- [Provided data]:
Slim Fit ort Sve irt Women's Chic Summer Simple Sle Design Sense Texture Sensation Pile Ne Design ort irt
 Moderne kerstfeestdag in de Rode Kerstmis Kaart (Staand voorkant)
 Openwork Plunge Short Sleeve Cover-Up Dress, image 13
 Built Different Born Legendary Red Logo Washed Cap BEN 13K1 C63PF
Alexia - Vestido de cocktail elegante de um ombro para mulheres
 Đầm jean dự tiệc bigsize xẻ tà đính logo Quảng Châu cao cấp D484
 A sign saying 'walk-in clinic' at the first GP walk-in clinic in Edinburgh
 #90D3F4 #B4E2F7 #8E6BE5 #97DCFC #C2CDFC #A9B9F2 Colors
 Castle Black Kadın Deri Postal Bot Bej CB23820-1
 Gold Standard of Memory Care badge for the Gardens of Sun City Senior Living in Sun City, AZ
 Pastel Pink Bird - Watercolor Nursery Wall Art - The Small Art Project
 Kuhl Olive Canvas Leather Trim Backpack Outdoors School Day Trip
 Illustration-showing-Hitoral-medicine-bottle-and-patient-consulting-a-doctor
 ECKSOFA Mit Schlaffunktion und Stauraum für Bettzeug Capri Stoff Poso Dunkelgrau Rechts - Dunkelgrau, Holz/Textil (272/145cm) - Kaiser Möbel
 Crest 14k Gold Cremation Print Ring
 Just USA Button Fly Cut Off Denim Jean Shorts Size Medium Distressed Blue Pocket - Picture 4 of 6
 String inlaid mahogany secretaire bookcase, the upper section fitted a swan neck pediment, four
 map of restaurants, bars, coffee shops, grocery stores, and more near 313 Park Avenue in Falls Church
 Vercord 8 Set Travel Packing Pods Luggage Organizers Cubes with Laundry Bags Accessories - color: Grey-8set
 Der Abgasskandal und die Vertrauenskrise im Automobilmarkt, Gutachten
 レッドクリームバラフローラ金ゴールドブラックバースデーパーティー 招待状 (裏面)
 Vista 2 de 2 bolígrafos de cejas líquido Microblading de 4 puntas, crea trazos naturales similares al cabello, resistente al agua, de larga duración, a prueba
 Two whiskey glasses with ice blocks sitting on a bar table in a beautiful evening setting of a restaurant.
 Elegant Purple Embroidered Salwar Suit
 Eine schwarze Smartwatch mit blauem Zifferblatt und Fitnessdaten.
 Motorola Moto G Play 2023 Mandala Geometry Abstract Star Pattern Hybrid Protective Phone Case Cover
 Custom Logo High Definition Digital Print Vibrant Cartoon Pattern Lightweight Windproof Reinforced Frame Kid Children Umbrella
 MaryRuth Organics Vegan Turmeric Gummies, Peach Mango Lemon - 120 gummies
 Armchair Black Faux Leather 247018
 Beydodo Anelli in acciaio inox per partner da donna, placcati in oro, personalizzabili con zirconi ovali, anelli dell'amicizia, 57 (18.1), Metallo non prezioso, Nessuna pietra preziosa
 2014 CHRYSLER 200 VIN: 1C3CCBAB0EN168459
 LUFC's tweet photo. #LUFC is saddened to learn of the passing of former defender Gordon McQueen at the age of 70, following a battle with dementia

- [What is required]: Where the data above reaches the line holding "Built Different Born", begin printing, and stop after the line holding "Gold Standard of". Each line must be reproduced exactly, with nothing else added.

- [Written answer]:
 Built Different Born Legendary Red Logo Washed Cap BEN 13K1 C63PF
Alexia - Vestido de cocktail elegante de um ombro para mulheres
 Đầm jean dự tiệc bigsize xẻ tà đính logo Quảng Châu cao cấp D484
 A sign saying 'walk-in clinic' at the first GP walk-in clinic in Edinburgh
 #90D3F4 #B4E2F7 #8E6BE5 #97DCFC #C2CDFC #A9B9F2 Colors
 Castle Black Kadın Deri Postal Bot Bej CB23820-1
 Gold Standard of Memory Care badge for the Gardens of Sun City Senior Living in Sun City, AZ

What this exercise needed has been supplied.